Updated: Mar 20, 2021
Today, I took part in some research on diversity and inclusion. Part of me is glad that I did, but the other half just wanted to weep.
For anyone conducting this type of research please stop and think about what diversity and inclusion is and isn't:
1.Diversity and inclusion = diversity of thought and better outcomes for all.
No, as if you have a bunch of people with broadly similar views in a group, regardless of skin colour, sex, disability etc, then it's an 'echo chamber' of affirmation. Also, diversity and inclusion on its own doesn't tackle structural systematic inequalities.
2. Diversity and Inclusion = harmony.
It doesn't, as we are all unique individuals with our own agendas. Just because we may share the same skin colour, sex and/or disability doesn't mean we share the love.
3. A lack of diversity and inclusion is our fault.
Racialised people are not deficit and we do not need 'saving'. Look closer to home as to who is causing inequalities and why. This is where structural systematic inequalities lie, not at our doorsteps.
4. Racialised people are psychic.
If we are not made aware of opportunities how can we take them so there can be D&I (see point 3)
5. Racialised people don't take up opportunities.
If we are locked out of systems, it gives the false impression that we aren't trying and a lack of diversity and inclusion is an inevitable consequence of our inaction (see points 3 and 4).
6. Marketing campaigns, recruitment drives etc increase diversity and inclusion.
How much more PR is needed. Not a day goes past without some initiative, however, this approach misses the reality (see points 3, 4 and 5)
7. Diversity and inclusion research is democratic and leads to change
It should be and should do, however, when the research has been created by white people without any diverse voices as part of this process, how democratic is it? And with this being the case, what change can it really effect, as whose perspective is being projected?
As can be seen from points 3-6 the perspective of this type of research is not usually based on the actual people facing inequalities. If the questions have been set up to see diversity and inclusion from a white lens, then unless the people around the table are prepared to challenge their assumptions, they will just be validated as being correct.

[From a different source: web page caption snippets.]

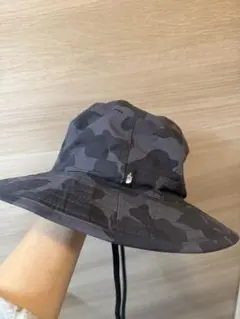 THE NORTH FACE バケットハット グレー・カモフラ　ナイロン帽子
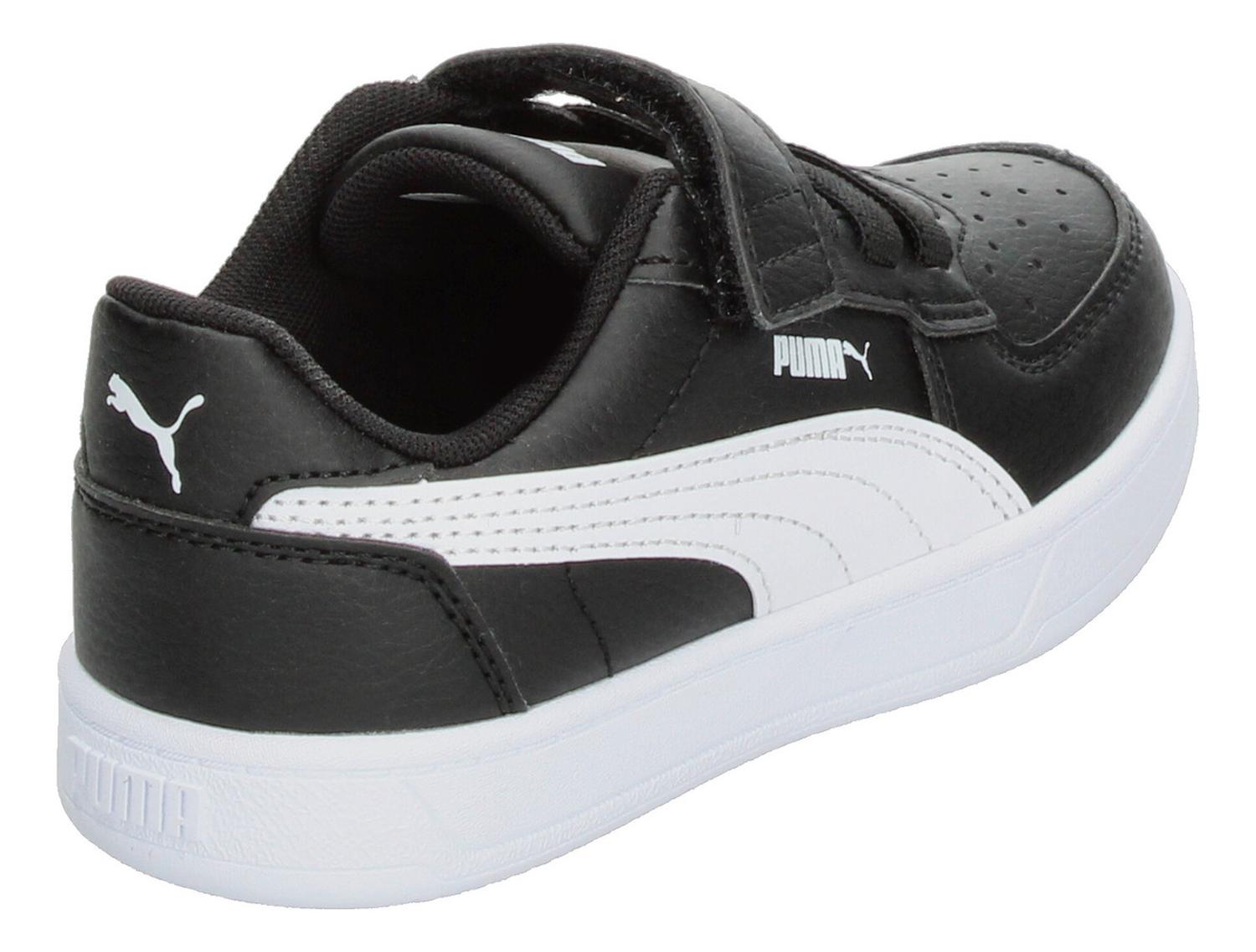 Tenis Niño Puma Rickie Caven 2.0 Ac Ps Negro Sneakers Original Casual Ligero Cintas Ajustable — imagen 4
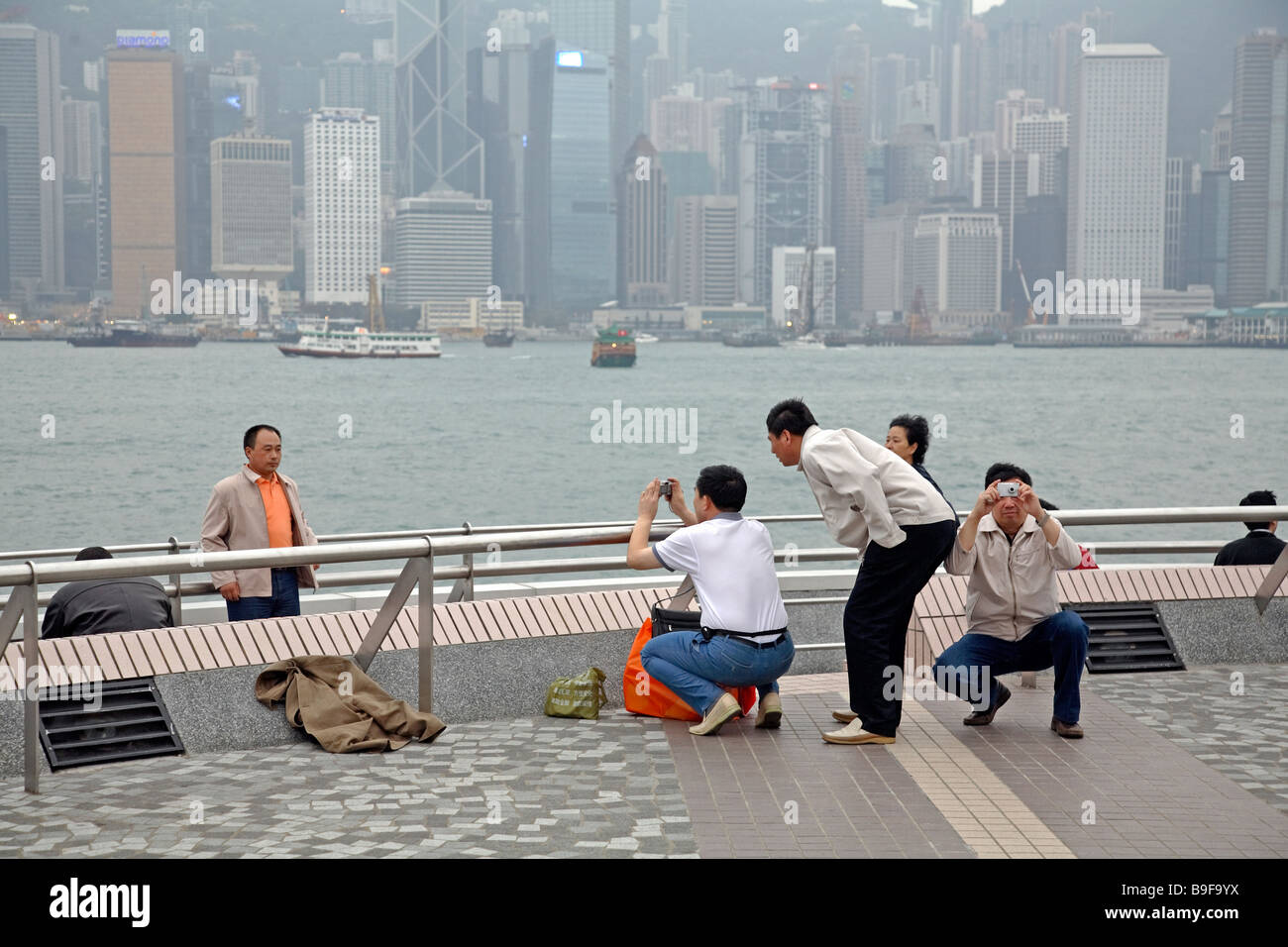 Erinnerungsbilder aus Hong Kong, China Stockfoto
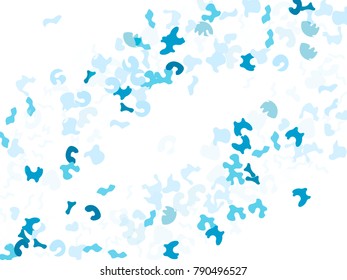 Colorful spots. Abstract print pattern. Vector illustration for celebration, party, holiday, invitation and Your project. Chaotic Decor. Modern Creative Style.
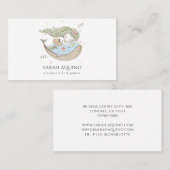 Children's Book author Mermaid Whale Business Card 名刺 (正面/裏面)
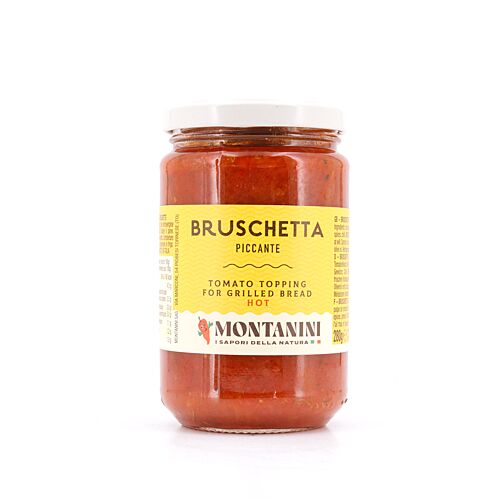 Montanini Bruschetta Piccante Soße mit Tomaten für Bruschetta 280 Gramm Produktbild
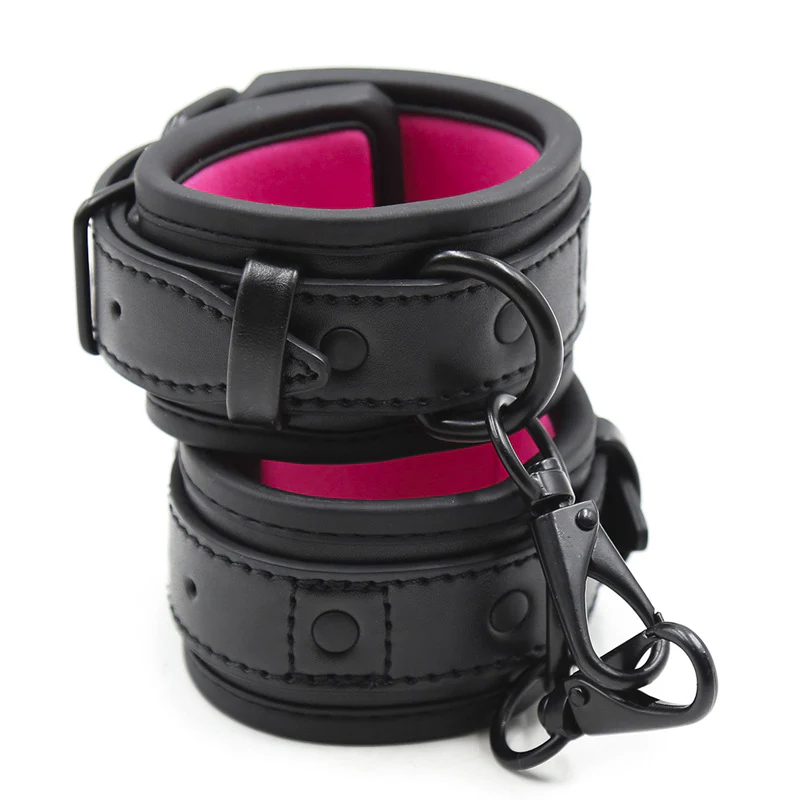 Upgraded BDSM PU Leather Handcuffs Adjustable Cuffs Sex Toy for Couples - Image 8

But, I hear you cry, surely racialised people will stand up and be counted- well no because of the way we have been racialised. We often, without thinking, repeat, support and prop up their way of thinking as being true, when it's not. Plus, as racialised people, we don't like rocking the boat or standing out, especially as we've been conditioned to know it's more likely to come with negative consequences than positive ones. So rather than expressing our truths and authentic experiences, we fall in line and say what they want to hear, even when it may not have happened to us or anyone else that we know. Sadly, too many of us have bought into the limited narratives about our lives because that's all we hear and we have internalised them as if they are the only truth and our truths.
Thus, research like this, which is ubiquitous, will continue to happen and go unchallenged because we have yet to break free of the chains of the whiteness that conditions our blackness.
The desire to change is continually let down by still seeing the problem as us, rather than the other way around. We do not cause our own oppression, other people do that to us.
Until this is understood, more of this type of research, which has been churned out for years, will continue and none of it will have any effect as the problem isn't the problem so the solutions are not the ones that are needed.